Source: OPEC 1/15/2014, Location: Africa

The biggest economy in Africa grew at the slowest pace in more than four years in the 3Q amid strikes at car plants cut manufacturing output. South Africa’s GDP rose an annualized 0.7% compared with the 2Q, when output increased a revised 3.2%. Strikes by workers at carmakers in the 3Q curbed output from an industry that accounts for almost 10% of the economy. Manufacturing output, which makes up 15% of the economy, declined an annualized 6.6% in the 3Q, the only industry to contract. Mining climbed an annualized 11.4%, agriculture gained 3.6% and construction increased 2.1%. General government services expanded 0.4% and the retail and finance industries rose 1.3% each. The reserve bank has cut its 2013 economic growth forecast last month to 1.9% from 2.0% and kept the benchmark repurchase rate at the lowest level in more than three decades to help support consumer spending. The reserve bank said that there is no room for cutting interest rates as further currency weakness my fuel inflation. South Africa’s current account deficit widened to 6.8% of GDP in the 3Q, the biggest gap in more than five years, as a weak currency boosted import costs while strikes and subdued global demand hurt exports. The gap in the current account grew to an annualized $22.6 billion. In November, South Africa’s PMI posted 51.6 to signal a second consecutive improvement in overall operating conditions at the country’s private sector companies. This reading is the strongest in 11 months, although up only fractionally from October’s 51.5. The survey detected an acceleration in new orders growth in addition to the first increase in export orders in six months.

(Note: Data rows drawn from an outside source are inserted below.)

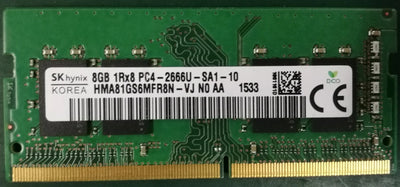 SK Hynix HMA81GS6MFR8N-VJ 8GB  8G DDR4 2666  1RX8 PC4-2666U-SA1-10 1.2V for Laptop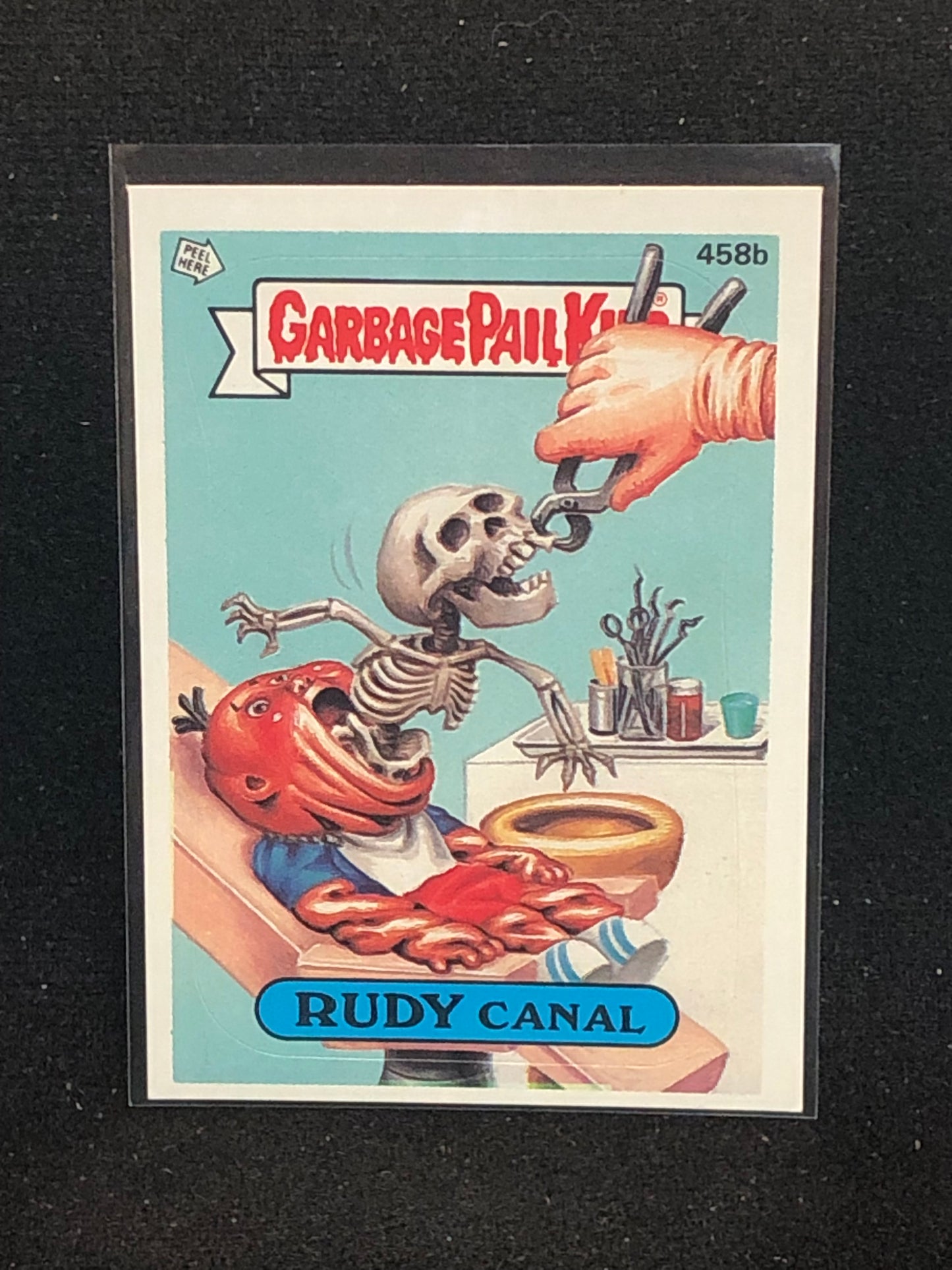 Garbage Pail Kids Original Series 11 (os11) 458b Rudy Canal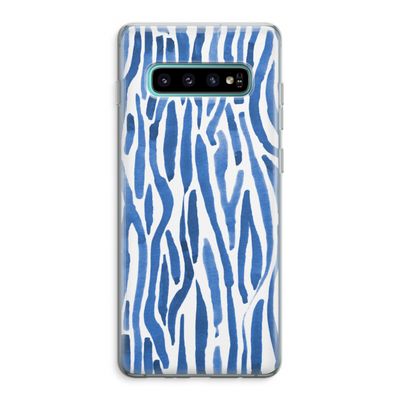 Blauwe nerven: Samsung Galaxy S10 Plus Transparant Hoesje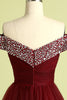 Load image into Gallery viewer, Burgundy Ball Gown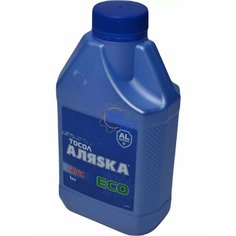 Антифриз Аляска, ЭКО А-40, традиционный, синий, для грузовой техники, бутылка 1л Alyaska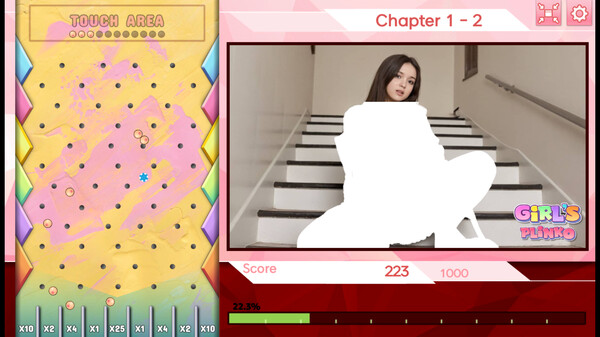 Girl's Plinko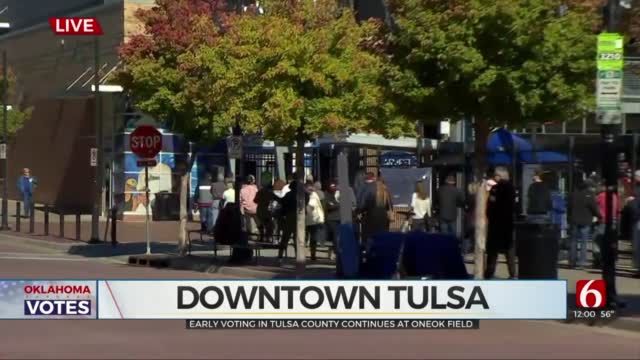 Tulsa County Early Voting Continues At ONEOK Field After Record Breaking Day 1 Turnout
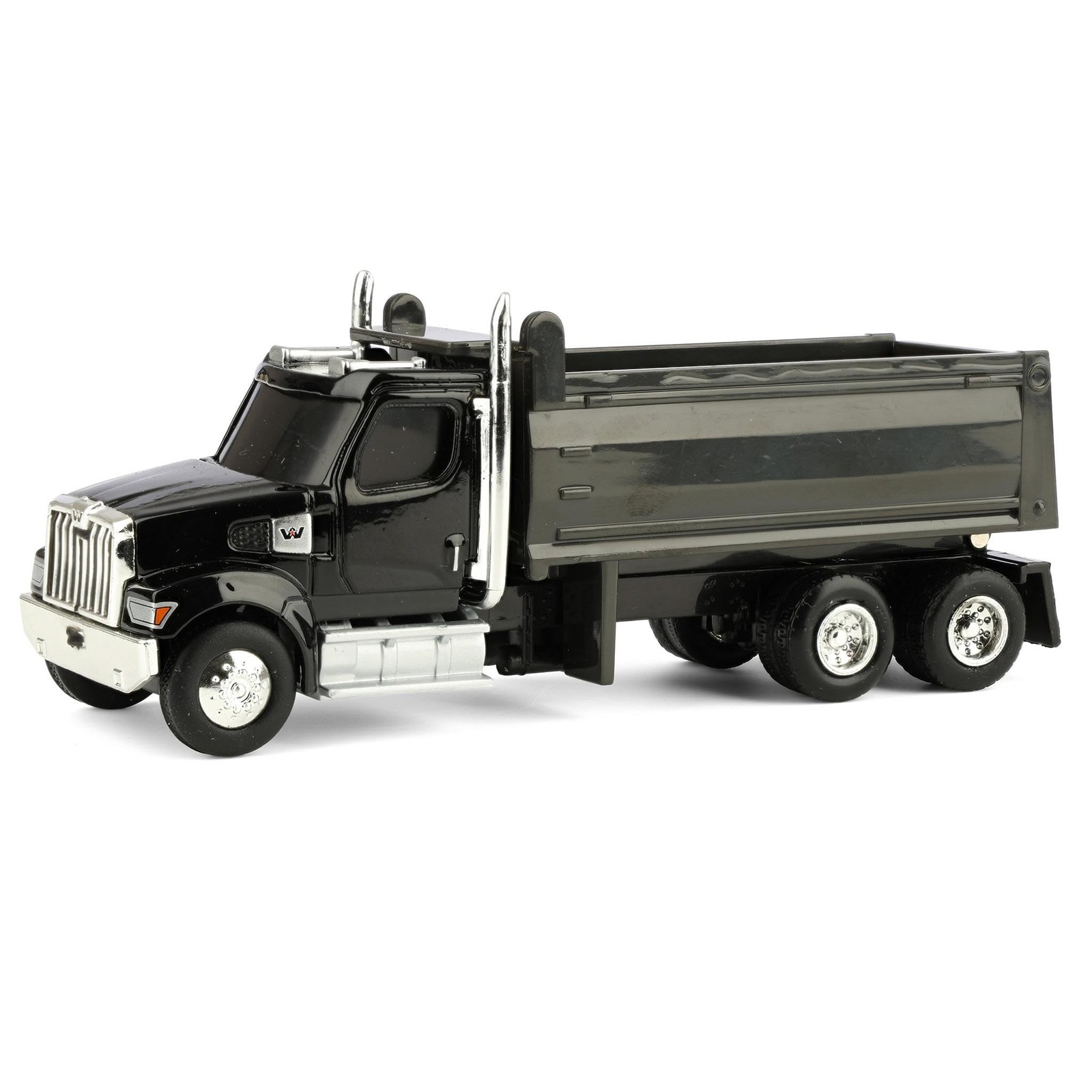 Ertl 164 Scale Black Western Star Dump Truck Toy For Ages 3 And Up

Egypt’s economy has received a vote of confidence as the rating agency Standard & Poor’s raised the country’s sovereign credit ratings to B- which reflects a stable outlook. This upgrade means that Egyptian authorities have secured sufficient foreign currency funding to manage the country’s short-term fiscal and external financing needs. Cash inflow from GCC countries is the main driver behind this improvement. Egypt’s non-oil producing private sector companies reported solid increases in activity and new orders in November, with the rates of expansion being the quickest recorded in survey history. At 52.5, the headline PMI edged back into expansion territory in November, ending a 13-month period of deteriorating operating conditions in Egypt’s non-oil producing private sector.

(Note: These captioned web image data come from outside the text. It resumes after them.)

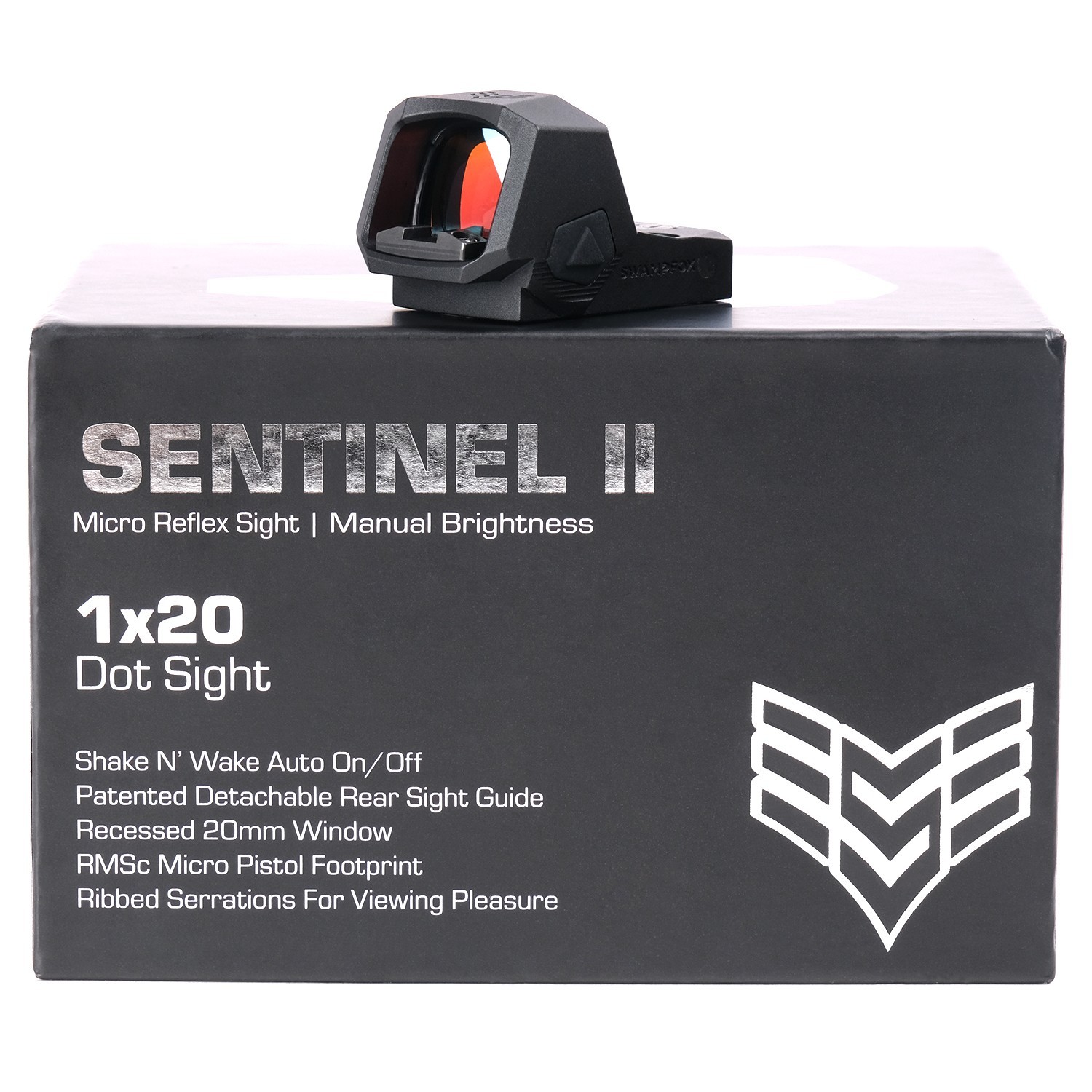 Swampfox Sentinel II 1x20mm Red/Green Dot Sight 3 MOA Micro Reflex Sight RMSc
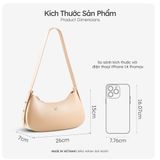  Hộp quà tặng túi đeo vai nữ Yuumy YN358 Màu Kem 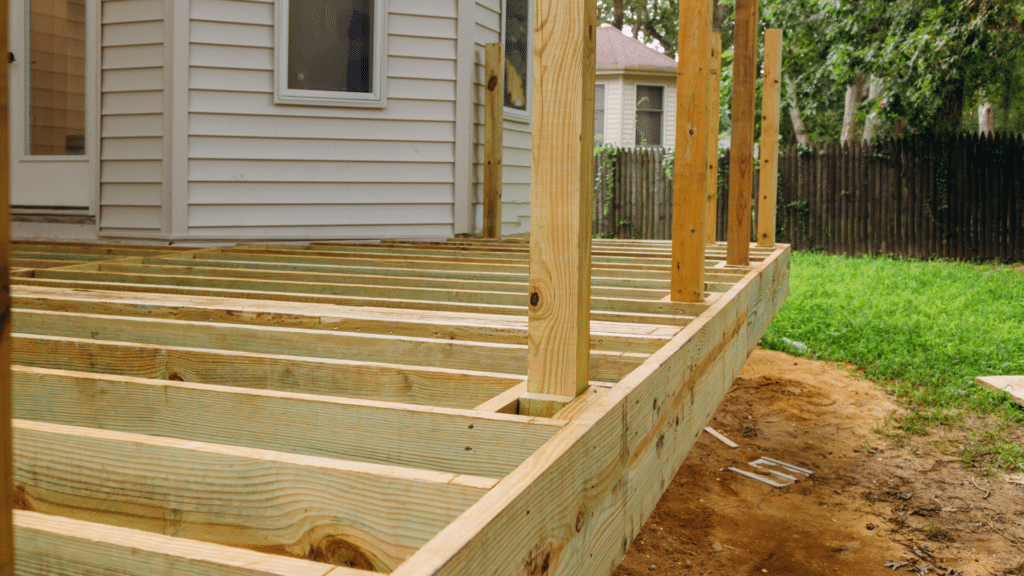 Deck Building Project Start Laps Custom Fence & Backyards SC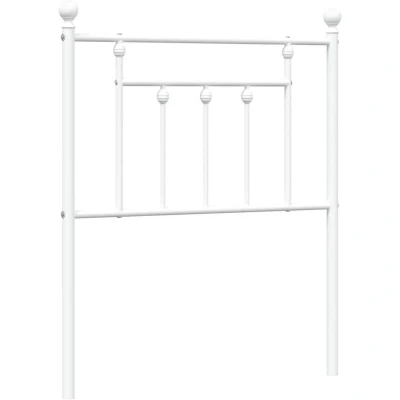 Image of Metal Headboard White 75 cm vidaXL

The parliament of Morocco approved 2014 budget of €30 billion, 3.1% less than the 2013 budget. The new approved budget foresees reducing the deficit-to-GDP ratio to 4.9%, down from 7% in 2013. The 2014 budget consists of austerity measures imposed on the fund used to subsidise basic consumer items. The official forecast of next year’s GDP growth stands at 4.2%.

The fiscal deficit in Ghana is forecast to narrow to 8.5% of GDP in 2014 from an estimated 10.2% this year, according to official statement. Ghana is struggling to reduce a budget gap that reached 12% of economic output in 2012 during a presidential election year. The government has tried to compensate for a rise in public wages which now amount to 74% of tax income, by cutting subsidies for fuel, water and electricity. It also raised the value-added tax rate last month to 15% from 12.5%. Fitch Ratings last month lowered Ghana’s credit rating to B from B+ as the government failed to achieve its fiscal deficit goal of 9% for this year and overran spending on interest payments.